Open Amo5 opened 2 months ago

FerryHuang commented 2 months ago

The same problem

yardenfren1996 commented 2 months ago

Maybe it is somehow related to the checkpoint steps. try to set --checkpointing_steps=1100 (do not save checkpoints during training)

clementjambon commented 2 months ago

Same problem here even without checkpointing 🫤 I tried to decrease the number of training steps to stop before NaNs appear but the outputs I get are still completely inconsistent.

yardenfren1996 commented 1 month ago

Hi, @clementjambon @Amo5 , @FerryHuang. Could you please share some details about your setup, like your OS, Python version, installed dependencies, and the exact command you used to run the code? This will help me figure out what's going wrong.

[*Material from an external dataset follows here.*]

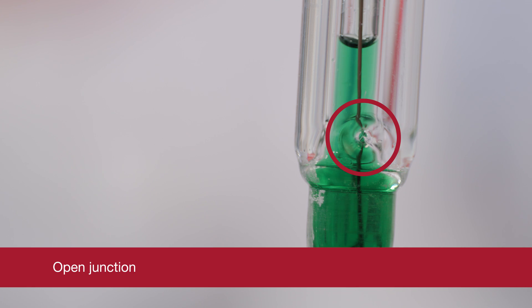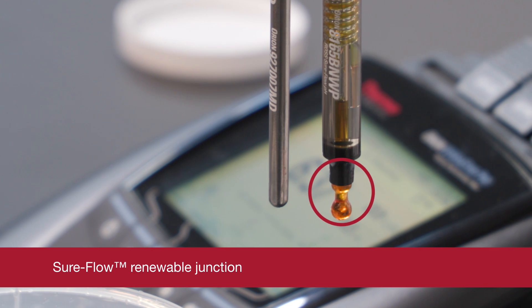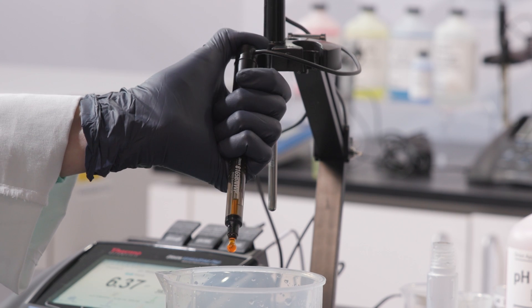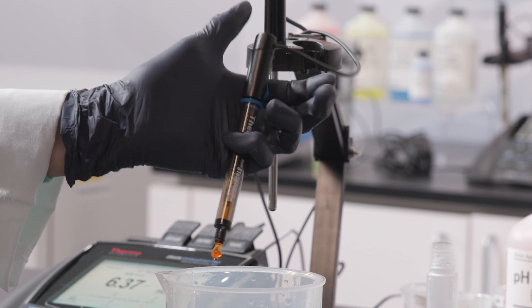Difficult applications require electrodes with suitable reference junction designs for improved performance. Open, capillary, renewable, or flushable junctions are preferred. These designs allow for good electrolyte flow and fast response. In addition, they resist blockage and are easy to clean by rinsing or flushing.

yardenfren1996 commented 1 month ago

In the meantime, while searching for a solution to this problem, I found some discussions about gradients becoming NaN and Dreambooth. You can check out this link: link. Let me know if this discussion was helpful.

FerryHuang commented 1 month ago

Hi, @clementjambon @Amo5 , @FerryHuang. Could you please share some details about your setup, like your OS, Python version, installed dependencies, and the exact command you used to run the code? This will help me figure out what's going wrong.

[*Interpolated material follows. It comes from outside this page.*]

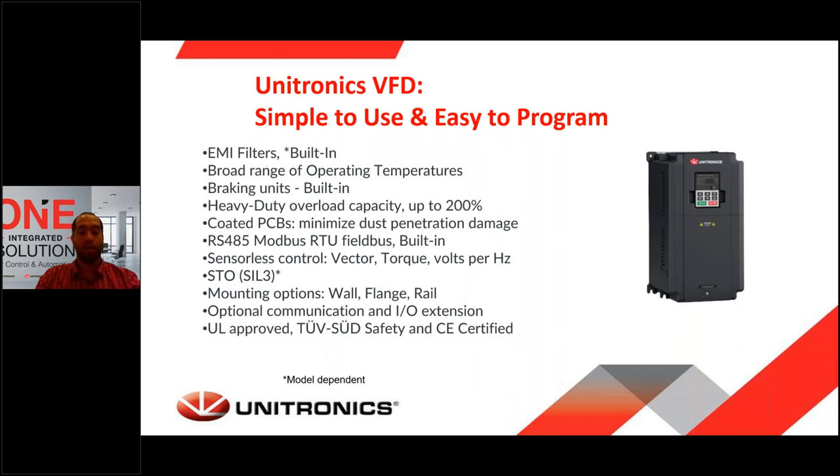The control methods supported can vary from vector control and torque control to volts-per-hertz control, and so on. Our VFDs have an STO input. These STO are SIL-rated — they were tested and verified with a high level of certainty and safety. We also offer accessories for mounting like wall mounting, flange mounting, or DIN rail. Optional communication and IO extensions are available for some drives. Our VFDs have UL and Canadian UL approval. They were tested by TÜV and they're all CE certified.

Linux, python 3.10 and the dependencies are compatible with the requirements version exactly. However, I've got stable training loss and inference outputs with the learning rate 5e-6. The results are close to what the paper has showcased

t00350320 commented 1 week ago

hi,all ,i have a question about Sec 4.4 "All LoRA training was performed on a single image." Can I train a lora with multi images with a specific style , because i find only trained with a single image will loss some style details. Thank you!